When working with larger projects, a unified system or pattern can be useful in keeping things organized and cohesive over time. Design patterns can be applied to general problems in software development, such as creating many similar objects with slight differences from a factory class which handles object creation within the program, or using decorators in a program to add specific attributes or behaviors on a per-object basis. But while these design patterns are helpful for solving singular problems, they often lack the scope necessary to layout and plan the entirety of a project or large program or application.
Architectural Patterns
I found an article written on the blogging platform Medium https://medium.com/@nethmihettiarachchi484/common-software-architectural-patterns-in-a-nutshell-7df312d3989c which briefly explained the concept of Architectural patterns, which refer to higher-level guidelines and decisions made regarding a piece of software as a whole, rather than one specific problem within the code. This was confusing at first, but as the article provided brief explanations (and examples) of various architectural patterns, I was able to grasp the concept more conclusively. Now I will go into detail regarding two patterns I found likely to be useful and the kinds of programs they would be most applicable to.

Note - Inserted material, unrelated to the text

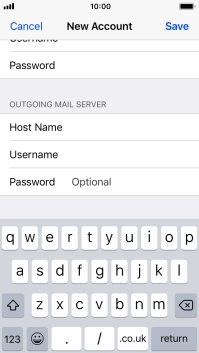 Press Password and key in the password for your email account. Please note that if you're using Vodafone's outgoing server, leave the password field empty.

The Layered Pattern uses a system of layers to group together similar functionality for ease of access and organization. Layers can set access rules for other layers (layer C has access to layers A and B, layer C only has access to layer B). For example, imagine a solitaire program, one layer controls drawing and taking input for interface components (windows, buttons, score etc) while another layer could contain the logical rules of the game solitaire, mechanics and random distribution of the cards (things the user would never need to access directly). For applications where there are a lot of similar behaviors which could be easily grouped into layers, the layered pattern makes a lot of sense.
Additionally, the Multi-tier pattern also concerns layers, in this case, entire systems (complete features, ie: user-input for input related features, display for display features) are grouped into tiers. A tier is a grouping of elements within the program which are interrelated, and seem most often used in web-related capacities or in online applications with various segments to consider (web browser, web, front-end and back-end could be potential tiers). Since each component or feature can only be part of one tier, individual tier choices will need to be carefully considered. Another major drawback is the amount of setup that goes into the process of implementation, since each of the tiers needs to exist as a grouping before the components can be assigned. I think this pattern would be most useful for large projects spanning multiple languages and technologies in the real world (web-applications for example, with front-end, back-end, browser components).
While I only highlighted two of the patterns discussed in this blog post, I think that layered and multi-tier patterns will be most useful for small-medium (layered) and large projects (multi-tier) in general.